• Excerpted data:
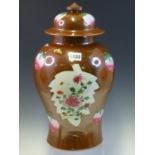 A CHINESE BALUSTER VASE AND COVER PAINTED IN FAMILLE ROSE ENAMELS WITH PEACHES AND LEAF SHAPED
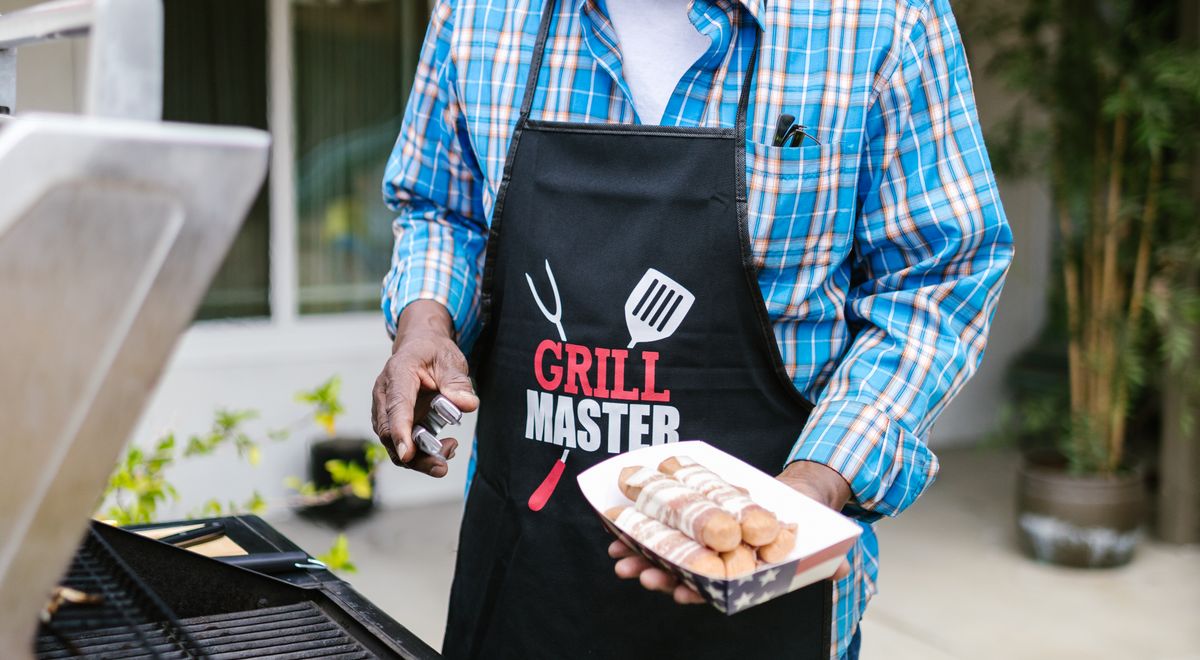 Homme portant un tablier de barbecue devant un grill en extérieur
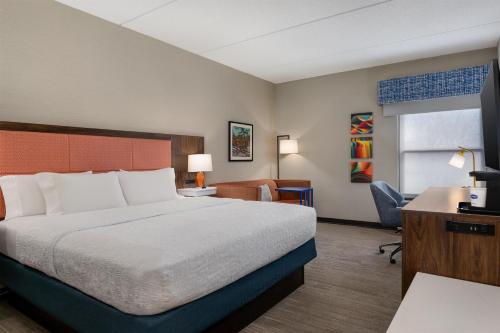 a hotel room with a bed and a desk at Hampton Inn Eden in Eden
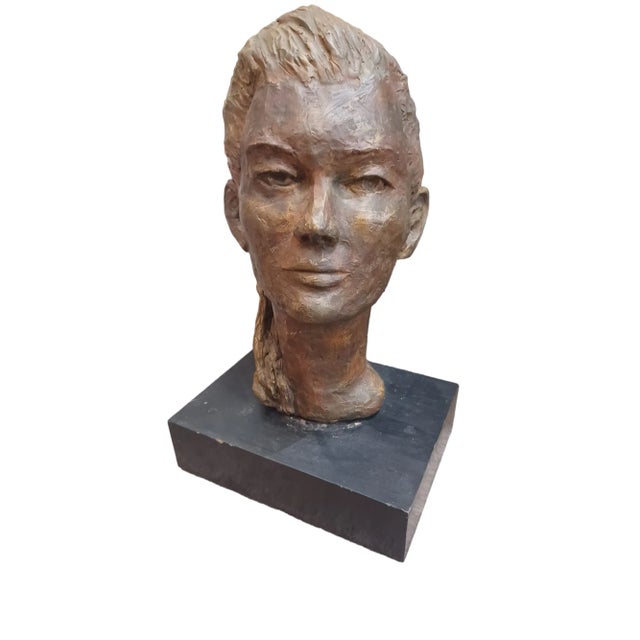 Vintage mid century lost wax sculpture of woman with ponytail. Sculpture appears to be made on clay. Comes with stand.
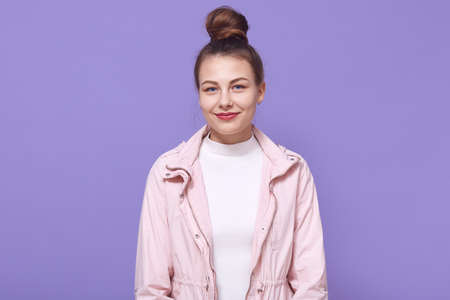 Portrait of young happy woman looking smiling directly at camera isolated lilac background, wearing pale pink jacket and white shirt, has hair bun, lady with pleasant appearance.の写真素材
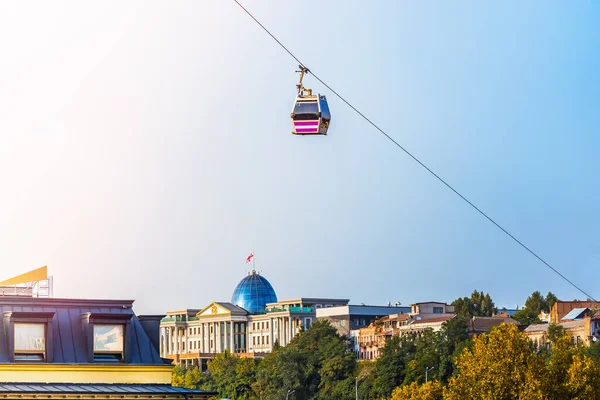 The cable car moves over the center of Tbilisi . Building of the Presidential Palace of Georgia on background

• Exercise details:
Copy out nothing but the lines from the beginning of the records through the one that contains "a hotel room". Skip the pictures.

• Worked solution:
 A CHINESE BALUSTER VASE AND COVER PAINTED IN FAMILLE ROSE ENAMELS WITH PEACHES AND LEAF SHAPED
 Homme portant un tablier de barbecue devant un grill en extérieur
 a hotel room with a bed and a desk at Hampton Inn Eden in Eden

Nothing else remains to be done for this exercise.